If AAU/grassroots basketball is where the action is then the EYBL is center stage. The overwhelming majority of Division 1 basketball prospects play on one of the three shoe company sponsored circuits. Nike (EYBL), Under Armour (UAA) and Adidas (Gauntlet) sponsor self-contained leagues with teams from across the country competing for “National” championships. While Under Armour and Adidas have plenty of talent and regularly produce high major D1 and NBA players, the EYBL is widely considered to be the ‘best” circuit.

There are very few summer basketball events that can generate the excitement associated with Nike’s Peach Jam. The culmination of the EYBL circuit features a level of stagecraft and showmanship unmatched by Under Armour and Adidas. While all three produce top players, many of the biggest names and brightest young basketball stars gravitate to the EYBL Moreover and most importantly, because it takes place during a live recruiting period, the Peach Jam has emerged the most highly anticipated and important event with regards to scouting talent and learning more about potential targets for top college programs. It is also a tremendous opportunity for underrated talents to make a name for themselves in front of college coaches and scouts.

Philadelphia’s representative on the EYBL circuit is Team Final. Chester’s Tyreke Evans NEVER played for the vaunted Chester High program. South Philly’s Dion Waiters NEVER played in Philadelphia’s Public or Catholic Leagues. Both played for Team Final. The list of NBA talent that has come through the Team Final program is extensive. Mike Kidd-Gilchrist, Malachi Richardson, Mikal Bridges, Donte DiVincenzo, Rakeem Christmas, Rondae Hollis-Jefferson and Cam Reddish all donned the sky blue and yellow on the EYBL.

That’s a whole LOTTA of NBA players from FUCKIN one program…

The Team Final success in this area begs a lot of questions and invites a criticism from many quarters. What follows are just a few of the questions/criticisms one frequently directed at the program:

1. If they produce so many NBA players, why haven’t they been more successful in the
Peach Jam? Some feel that the Team Final program is geared toward and exclusively
focused on developing 1 or 2 NBA players each year and fails to pay adequate attention
to the other 6-7 players on the team. How does Team Final balance the goals of
highlighting superstars prospects with winning and developing the other players on the roster?

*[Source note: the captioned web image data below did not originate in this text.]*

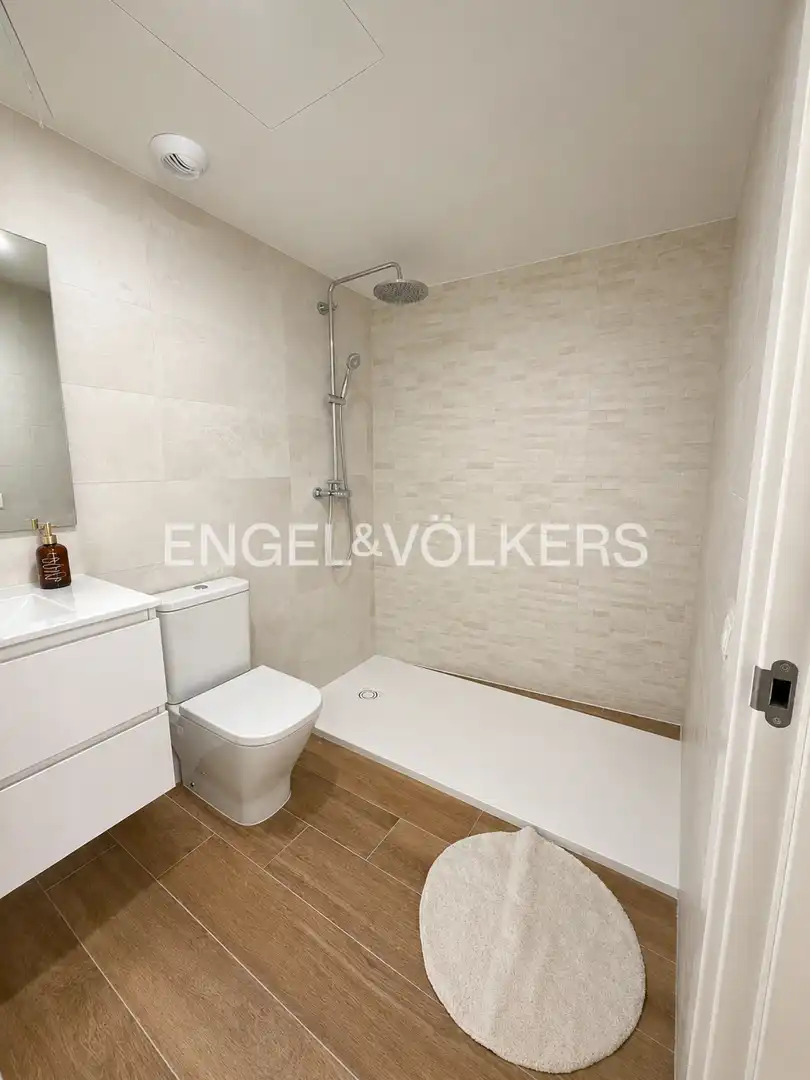 Bathroom of Flat for rent in Valencia  with Air Conditioner, Heating and Private garden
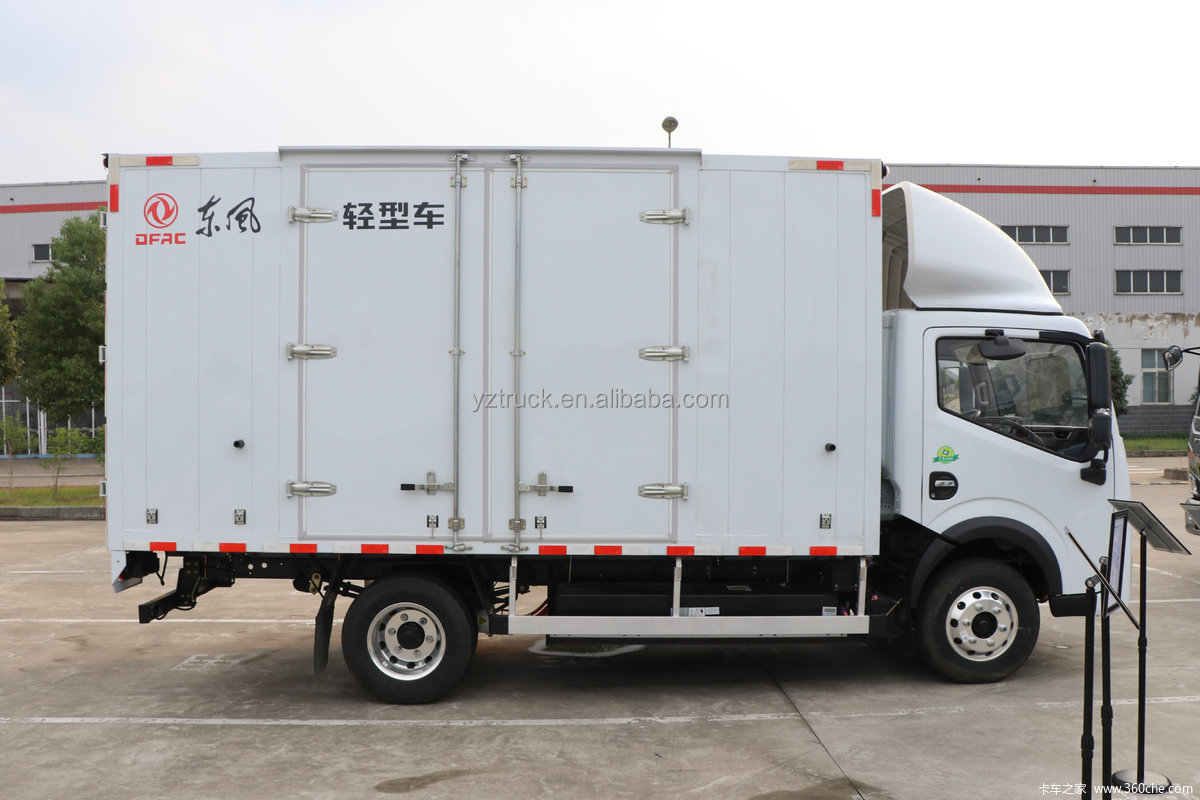 Electric Fuel Type Dongfeng Cargo Trucks with 4200X2100X2100 mm Cargo Tank Dimension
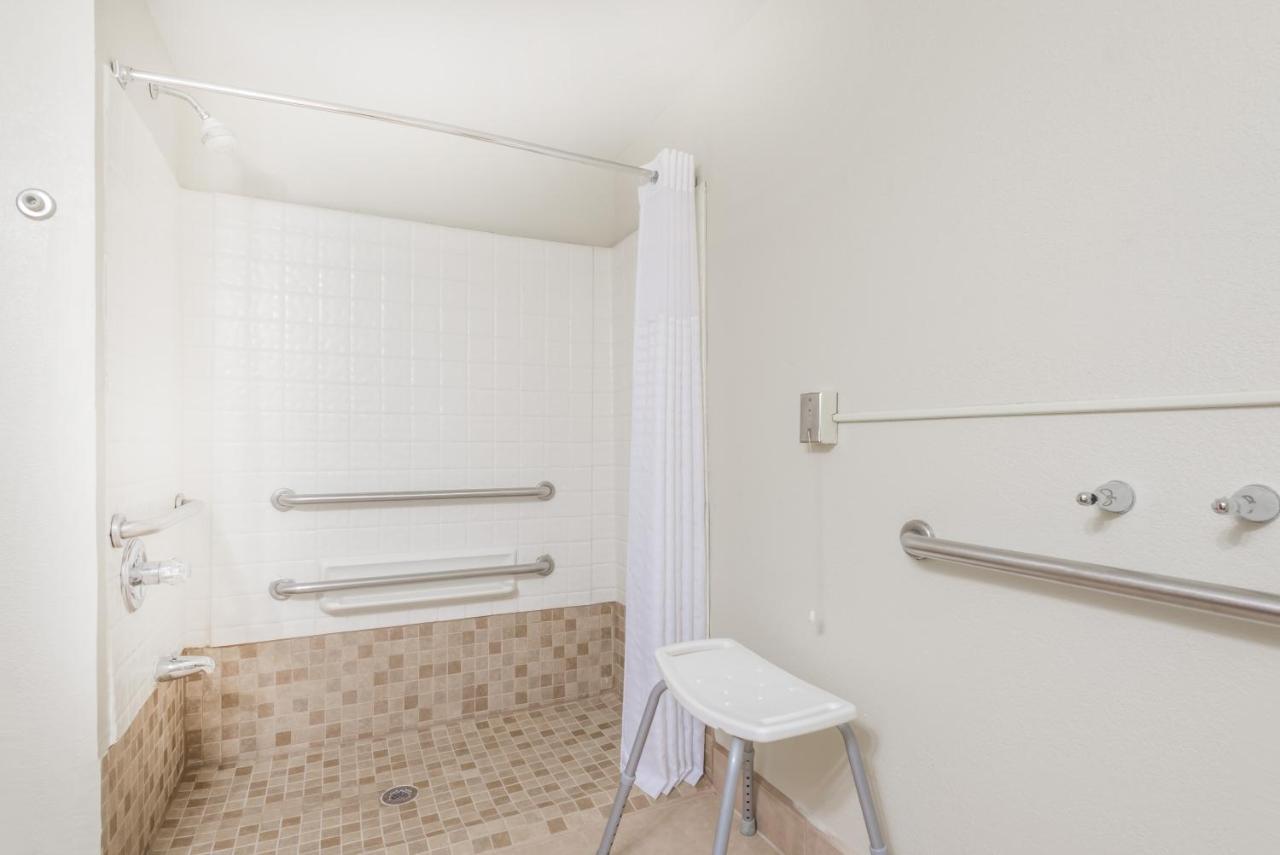King Room - Disability Access/Non-Smoking at Baymont by Wyndham Georgetown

2. Lynn Greer, III, Quade Green, AJ Hoggard and Ahmad Fair are all very talented Philly
guards that clearly wanted to play on the EYBL. These young men left the area to play in
Washington, DC and New York. Chance Westry and Jordan Longino are nationally
ranked prospect from the region that have recently announced that they will be playing on the EYBL out of New York. Why aren’t these kids playing with Team Final? Does Team Final have an obligation to accommodate the top area talent and keep them in the region during the summer months?

3. Given the widespread perception that the EYBL is the “best” circuit and the fact that Washington, DC and New York City have multiple EYBL clubs, should the greater Philadelphia region have multiple EYBL clubs? What is the Team Final position regarding the establishment of a second EYBL club in the region?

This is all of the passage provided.